(Input material begins)
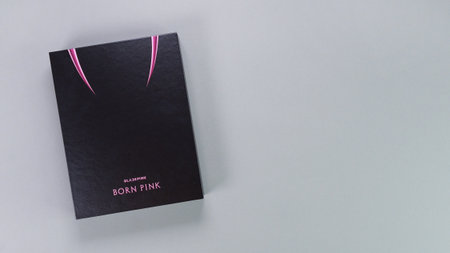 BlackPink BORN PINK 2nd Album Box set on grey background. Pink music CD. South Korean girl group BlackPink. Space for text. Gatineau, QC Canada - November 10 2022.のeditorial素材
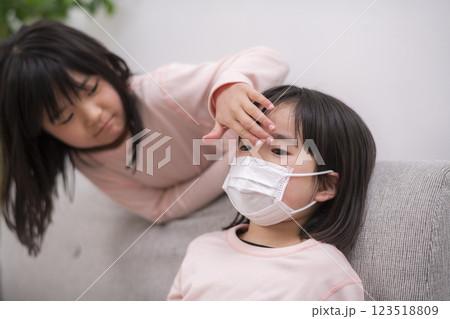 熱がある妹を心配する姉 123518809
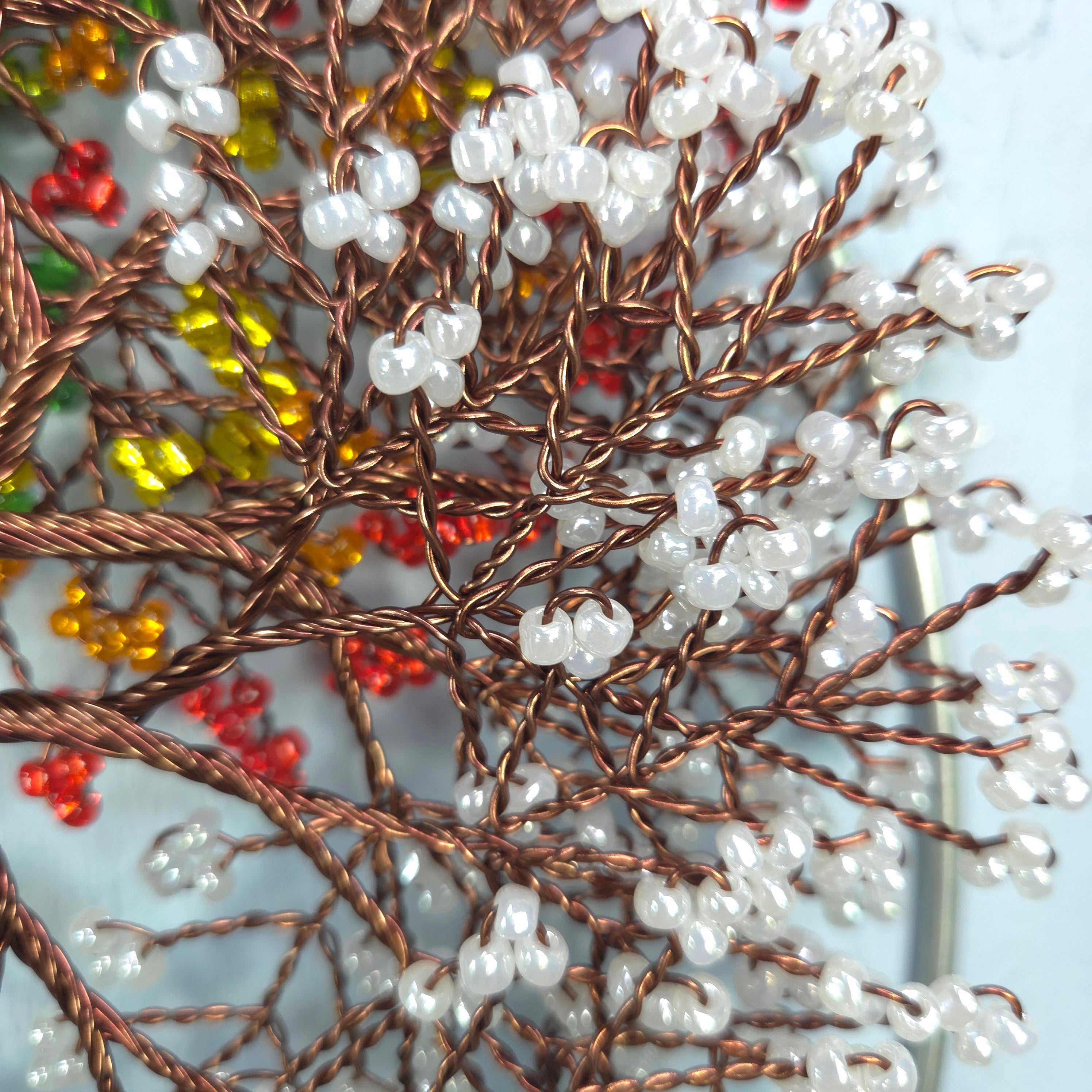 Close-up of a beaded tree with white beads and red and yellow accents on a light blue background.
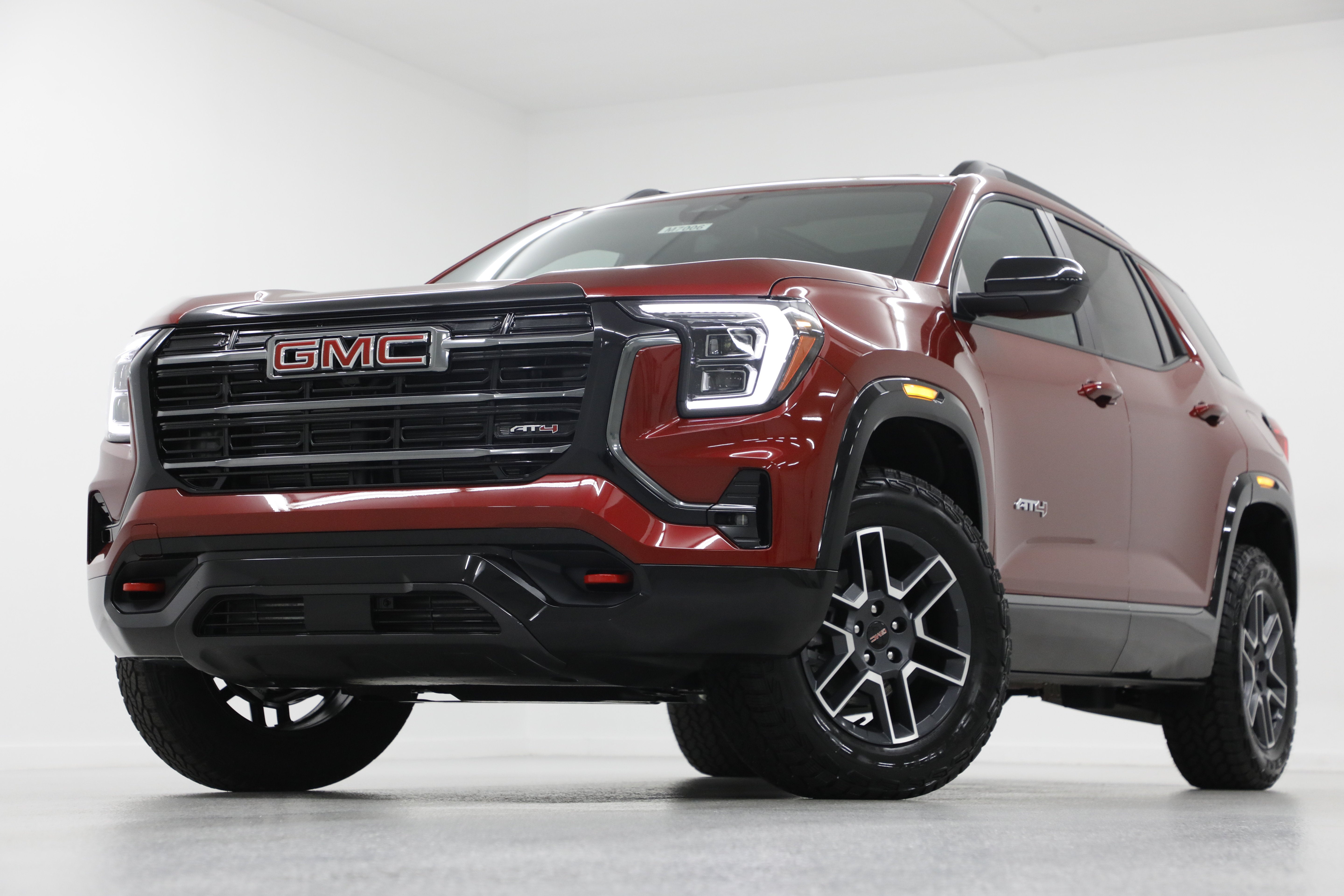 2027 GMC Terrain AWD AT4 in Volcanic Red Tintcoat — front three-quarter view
(Input material ends)
(Input material begins)
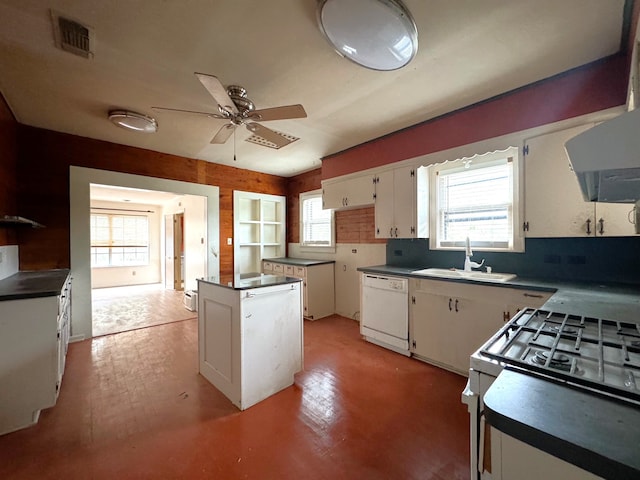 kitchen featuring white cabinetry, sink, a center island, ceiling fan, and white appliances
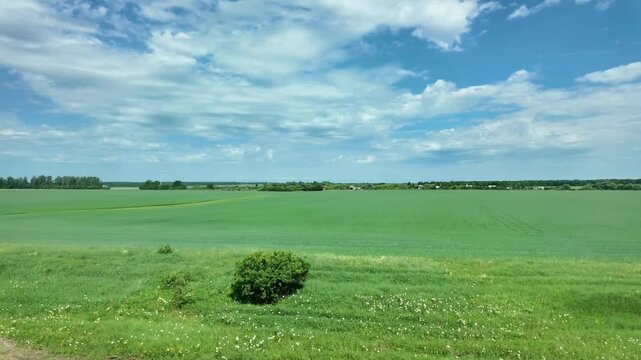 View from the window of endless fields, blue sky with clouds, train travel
(Input material ends)
_To do_
In the records above, find the line with "BlackPink BORN PINK" and the line with "2027 GMC Terrain"; please transcribe exactly those two lines and all lines between them, omitting any picture.

_Written response_
 BlackPink BORN PINK 2nd Album Box set on grey background. Pink music CD. South Korean girl group BlackPink. Space for text. Gatineau, QC Canada - November 10 2022.のeditorial素材
 熱がある妹を心配する姉 123518809
 Close-up of a beaded tree with white beads and red and yellow accents on a light blue background.
 2027 GMC Terrain AWD AT4 in Volcanic Red Tintcoat — front three-quarter view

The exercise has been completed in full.